I think you are going to find huge differences between the attitudes to women's suffrage among women of different classes. And differences in practical ability to participate in the movement.

EstoyAqui Sun 16-Feb-14 17:26:06

That sounds a very interesting subject to study. TheWanderingUterus My mistake at the use of suffragist rather than suffragette. blush

FairPhyllis I am writing about the woman's movement in 1910 and I am hoping to portray two female characters, one who supports Fawcett and one who supports the more radical WSPU, and the discrepancies as to why they made the choices they made and how they both see feminist cause. It's really made me think about my own feminism and how it has changed over time and why.

Scallops I'd forgotten that the term gas lighting originated then. Thanks for the reminder.

Madamfrog Mon 17-Feb-14 09:57:25

The term 'gaslighting' didn't originate then, it is from the 1938 play Gas Light, set in the Edwardian period. Excellent thriller.

FairPhyllis Mon 17-Feb-14 12:57:52

Ah I didn't see that you were looking at 1910. I think I'd almost certainly have viewed it as a class issue in that period then.

I think I would have been turned off by the violence of the WSPU, and as a working class woman I would have had a lot more to lose by being imprisoned/arrested through association with them than middle-class women like the Pankhursts. Plus I would have had to work most of the time and wouldn't have had a lot of time to do unpaid work for the movement.

I think that's generally true of the WSPU in its later years, isn't it - that it was perceived as a middle-class organization? They did have some working class members from the early years, like Annie Kenney, but most of the hierarchy was middle to upper class women and after they moved to London most of the growth in the membership was amongst middle-class women. Didn't they split with the Labour Party because Labour wanted universal suffrage, but the WSPU wasn't interested in votes for working-class women - they only wanted parity with men?

Message withdrawn at poster's request.

Grennie Tue 18-Feb-14 10:55:03

Most women don't campaign against modern feminist issues I see as shocking. For example, the sex industry.

I suspect socialism or left wing ideas in the family will have had a big influence in more working class women seeing the issues. Generally if you have your eyes opened about some injustices, you are more likely to see others.

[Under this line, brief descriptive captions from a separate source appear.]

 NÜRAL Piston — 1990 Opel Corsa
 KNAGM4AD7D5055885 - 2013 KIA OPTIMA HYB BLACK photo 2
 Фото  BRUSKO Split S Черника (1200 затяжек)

rosy71 Fri 21-Feb-14 23:04:19

Didn't they split with the Labour Party because Labour wanted universal suffrage, but the WSPU wasn't interested in votes for working-class women - they only wanted parity with men?

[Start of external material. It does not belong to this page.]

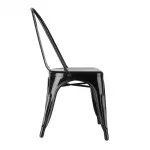Bolero Bistro Steel Side Chairs Black (Pack of 4) - Image 5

I think they thought that the Labour Party were after votes for all men first, then votes for women. Christabel Pankhurst wanted votes for women on the same terms as men straight away.

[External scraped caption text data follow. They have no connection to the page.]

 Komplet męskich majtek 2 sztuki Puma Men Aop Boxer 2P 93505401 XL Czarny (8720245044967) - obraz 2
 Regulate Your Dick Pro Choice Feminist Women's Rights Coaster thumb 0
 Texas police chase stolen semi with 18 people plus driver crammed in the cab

I'm not really sure that anyone here could imagine what they might have thought in 1910. Surely you need some real first hand evidence from the time?

itshardthinkingofanickname Sat 22-Feb-14 08:40:42

It might be interesting looking at it from the other angle - why didn't women want to join? What factors made them not want to fight for their right to vote - in any way?

I was watching Made in Dagenham - based on a true story but dramatised - and it was interesting to see how people reacted to women taking the initiative.

How did society react - if their wife said they wanted to get involved, how did friends, families etc react?